NVlabs / neuralangelo

Official implementation of "Neuralangelo: High-Fidelity Neural Surface Reconstruction" (CVPR 2023)
https://research.nvidia.com/labs/dir/neuralangelo/
Other
4.38k stars 388 forks source link

Unable to run Neuralangelo; NVML not supported #15

Closed mitdave95 closed 1 year ago

mitdave95 commented 1 year ago

Getting the below error

torchrun --nproc_per_node=1 train.py --logdir=logs/sample/toy_example --config=projects/neuralangelo/configs/custom/toy_example.yaml --show_pbar
Traceback (most recent call last):
  File "train.py", line 104, in <module>
    main()
  File "train.py", line 46, in main
    set_affinity(args.local_rank)
  File "/data/imaginaire/utils/gpu_affinity.py", line 74, in set_affinity
    os.sched_setaffinity(0, dev.get_cpu_affinity())
  File "/data/imaginaire/utils/gpu_affinity.py", line 50, in get_cpu_affinity
    for j in pynvml.nvmlDeviceGetCpuAffinity(self.handle, Device._nvml_affinity_elements):
  File "/usr/local/lib/python3.8/dist-packages/pynvml/nvml.py", line 1745, in nvmlDeviceGetCpuAffinity
    _nvmlCheckReturn(ret)
  File "/usr/local/lib/python3.8/dist-packages/pynvml/nvml.py", line 765, in _nvmlCheckReturn
    raise NVMLError(ret)
pynvml.nvml.NVMLError_NotSupported: Not Supported
ERROR:torch.distributed.elastic.multiprocessing.api:failed (exitcode: 1) local_rank: 0 (pid: 442) of binary: /usr/bin/python
Traceback (most recent call last):
  File "/usr/local/bin/torchrun", line 33, in <module>
    sys.exit(load_entry_point('torch==2.1.0a0+fe05266', 'console_scripts', 'torchrun')())
  File "/usr/local/lib/python3.8/dist-packages/torch/distributed/elastic/multiprocessing/errors/__init__.py", line 346, in wrapper
    return f(*args, **kwargs)
  File "/usr/local/lib/python3.8/dist-packages/torch/distributed/run.py", line 794, in main
    run(args)
  File "/usr/local/lib/python3.8/dist-packages/torch/distributed/run.py", line 785, in run
    elastic_launch(
  File "/usr/local/lib/python3.8/dist-packages/torch/distributed/launcher/api.py", line 134, in __call__
    return launch_agent(self._config, self._entrypoint, list(args))
  File "/usr/local/lib/python3.8/dist-packages/torch/distributed/launcher/api.py", line 250, in launch_agent
    raise ChildFailedError(
torch.distributed.elastic.multiprocessing.errors.ChildFailedError:
============================================================
train.py FAILED
------------------------------------------------------------
Failures:
  <NO_OTHER_FAILURES>
------------------------------------------------------------
Root Cause (first observed failure):
[0]:
  time      : 2023-08-14_16:29:36
  host      : c7c816135a1c
  rank      : 0 (local_rank: 0)
  exitcode  : 1 (pid: 442)
  error_file: <N/A>
  traceback : To enable traceback see: https://pytorch.org/docs/stable/elastic/errors.html

Running on Windows 11, RTX 4090, from WSL Ubuntu 22.04.02 with --gpus all flag

chenhsuanlin commented 1 year ago

Hi @mitdave95, could you try commenting out this line?
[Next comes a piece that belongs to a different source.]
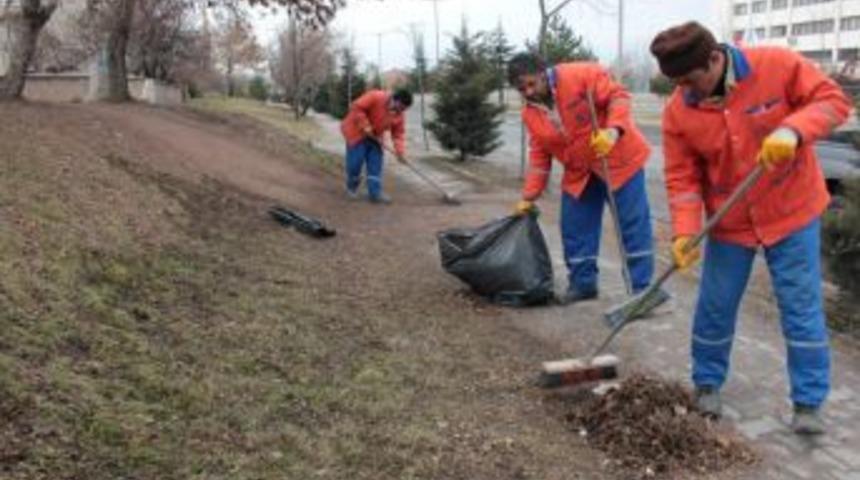 Karlar eridi &ccedil;&ouml;pler ortaya &ccedil;ıktı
This is an optional function that sets the processor affinity. If this resolves your issue, I can push a hotfix. Thanks!

mitdave95 commented 1 year ago

@chenhsuanlin it worked! thanks also, need to comment this line in extract_mesh.py

chenhsuanlin commented 1 year ago

Fixed in 3b1b95f! Please feel free to reopen if the issue persists.